Of note: Erik Karlsson did not play in this game.


It’s now the postseason, which means the regular-season events should not necessarily be considered a harbinger of things to come. Yet, given how three of these games happened within the past month or so, the lessons learned can still be applied.

With that being said, here are the main takeaways from the four meetings.

1. Ottawa’s offense is almost entirely reliant on traffic in front of the net.

This is, frankly, not all that uncommon in today’s NHL, where beating frontline goaltenders typically requires screens and tips. But when you look at all 11 goals scored by the Senators vs. the Bruins, seven of them came either via deflection or screen in Rask’s face.

Clearly, that’s how Ottawa hopes to score vs. Boston, and it’ll be up to the Bruins’ defensemen to really get strong in front of their own crease to prevent that kind of traffic from piling up in front of Rask. It is the playoffs, so some extra physicality might be allowed from the likes of Chara, McQuaid and Miller.

2. Boston’s offense is almost entirely reliant on the power play.

This is just a bit nutty, but of the six Bruins goals scored vs. Ottawa, five of them came on the power play. That means that in 5-on-5 play, Craig Anderson stopped 94 of the Bruins’ 95 shots.
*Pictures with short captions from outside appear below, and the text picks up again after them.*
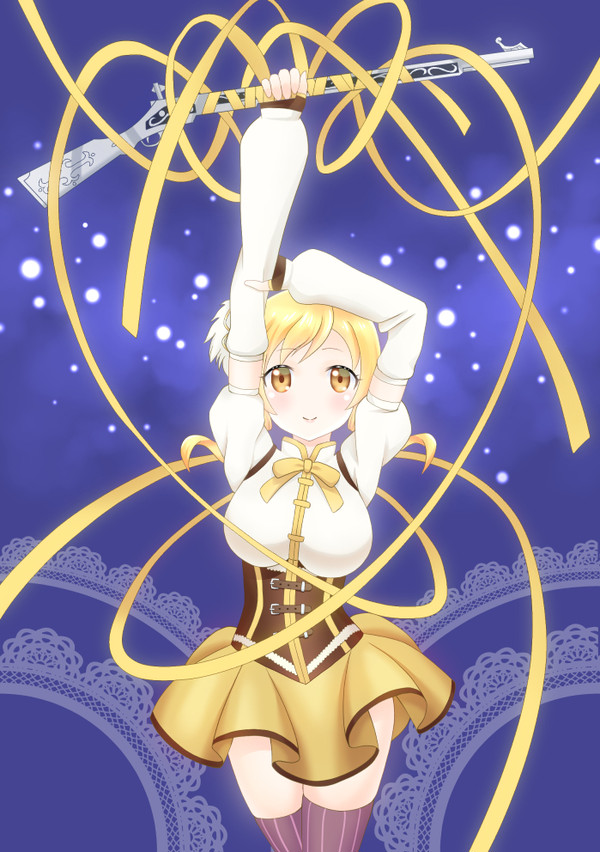 マミさん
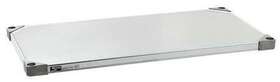 2460fg-4 Metro Solid Shelf 24 Inch D X 60 W Silver 2460fg-4 Metro Solid Shelf 24 Inch D X 60 W Silver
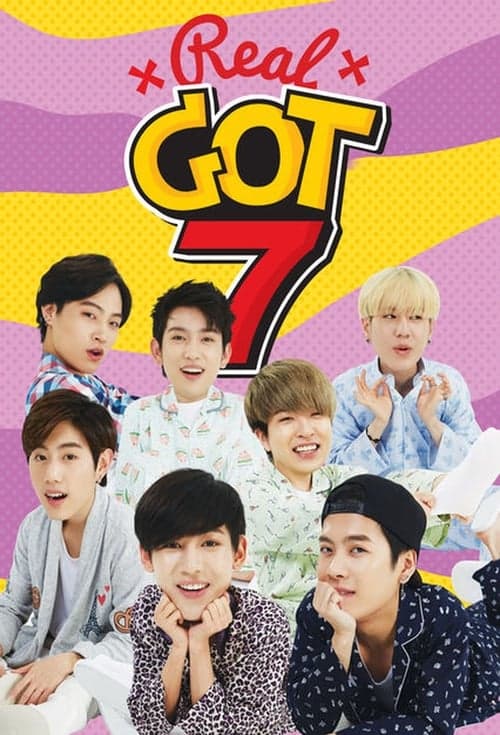 Real GOT7のポスター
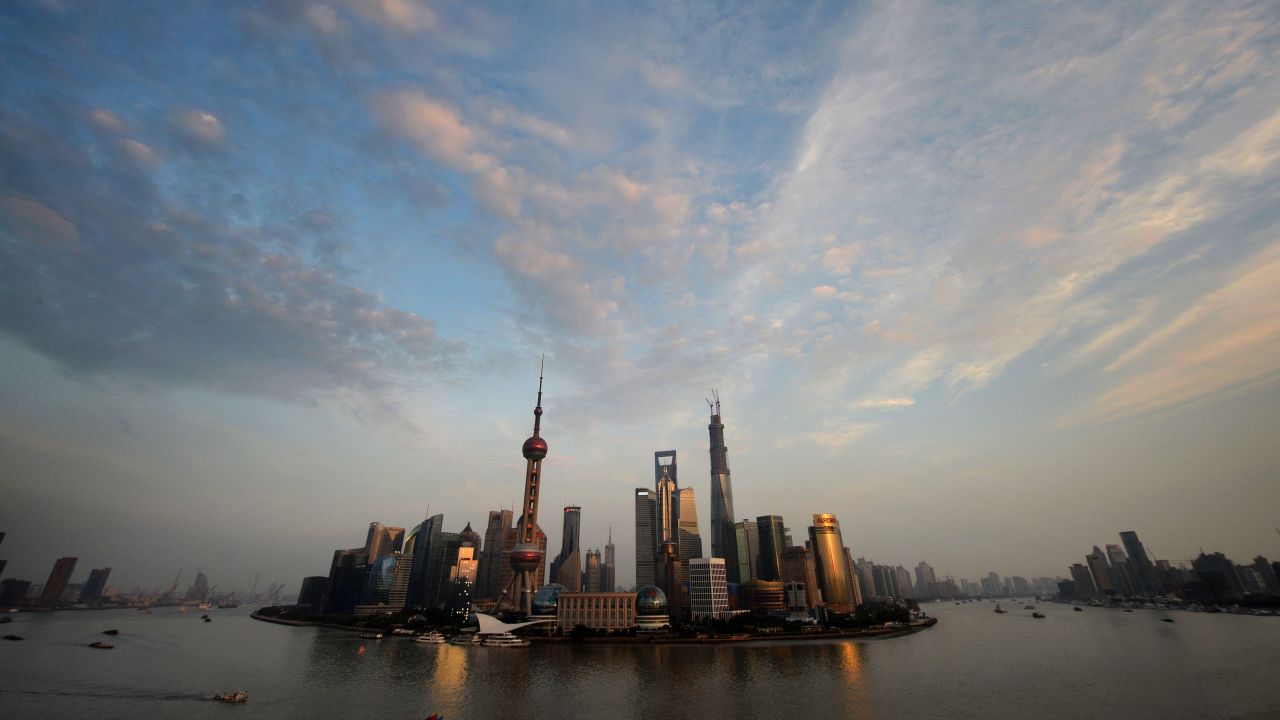 Shanghai wears its history like old battle scars and its future like a glittering crown.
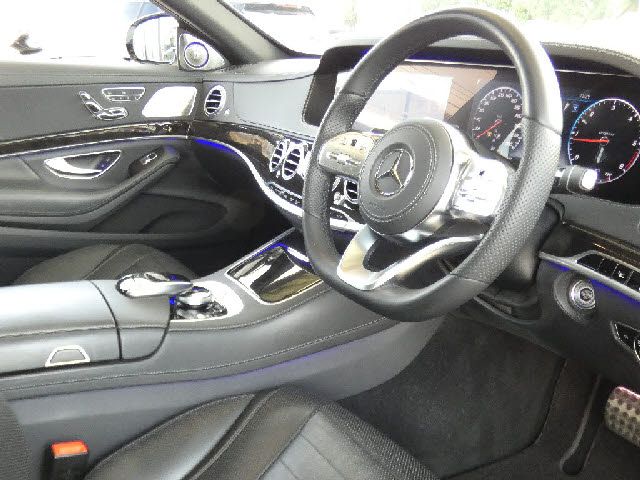 MERCEDES BENZ MERCEDES BENZ S class 2020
That bears repeating: The Bruins have scored one goal on 95 even-strength shots against Craig Anderson this season.

That does speak well to the Bruins’ power play and also doesn’t reflect well on Ottawa’s penalty kill, but relying on the power play to score more than 80 percent of a team’s goals is not really a reliable plan.

It’s been stated nearly 17 million times already, but the Bruins really need to figure out a way to solve that neutral zone trap when the teams are playing five-a-side to really make this a series. They’ve proven to be able to score when just four Senators are on the ice, but they’re not guaranteed to have those opportunities in this series.

On the other side, discipline will be of the utmost importance for Ottawa. The Senators ranked 22nd in the NHL with a 79.7 percent kill rate, and if they do lose this series, that figures to be a likely culprit.

3. Comebacks won’t be easy for Boston.

Brad Marchand said it plainly: It’s simply not easy to fight back out of a hole against the Senators. Ottawa’s structure is just too rigid to break, thereby limiting most opponents’ opportunities to shots from the boards or the blue line. It’s difficult to generate odd-man rushes when the neutral zone is so clogged, and if their best breakout pass artist in Torey Krug remains out for multiple games or the entire series, slicing through that type of defense will only prove more challenging.

The Bruins did come back to tie the game twice in that March 21 meeting, but — adding credence to takeaway No. 2 — both Boston goals came on the power play.

Scoring early is always important, but when facing a team like Guy Boucher’s, it’s all the more vital.